Posthumously published, this narrative raises provocative issues concerning art, celebrity, creativity, sexuality and spirituality, while never quite working as a novel.
Before his death at the age of 60, Carroll had earned renown decades ago, as a teenage memoirist (The Basketball Diaries, 1978), a poet and a punk-rocker. The protagonist of his only novel is Billy Wolfram, “the golden boy of the New York—indeed international—art world. Billy was only 38 years old, and his star had risen steadily since his first show at 21.” Though Billy is both a prodigy and a Manhattan native like his creator, the painter isn’t merely an authorial stand-in.
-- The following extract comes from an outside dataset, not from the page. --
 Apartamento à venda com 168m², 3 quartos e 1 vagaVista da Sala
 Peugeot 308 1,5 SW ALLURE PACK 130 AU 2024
He receives visits from a talking raven who is apparently immortal (it shares memories of Noah and the Ark) and who serves as both oracle and muse. He has also been celibate since his unfortunate attempt at masturbation may have had a causal connection with the Kennedy assassination. The bare-bones plot begins with Billy’s anxiety attacks, which land him in a mental ward after he attends the opening of an exhibition that suggests to him how much spirituality his own work lacks. During his recovery as something of a recluse, with a looming deadline for his next show, he takes stock of his life through memories of pivotal passages and through minimal interaction with his assistant, Marta, and his boyhood friend, the rock star Denny MacAbee. Much of the stilted dialogue expands into multi-paragraph soliloquies, as Billy doesn’t so much converse as expound. (“ ‘One thing’s for sure, there will be no meeting of minds if our elected officials continue to slash funding for public art—mainly because of their own antiquated tastes and moral codes.’ ”) The author has a lot to say about art—its creation and consumption, its relationship with sex and spirit—but this isn’t the best platform.
The novel doesn’t feel unfinished so much as unbalanced.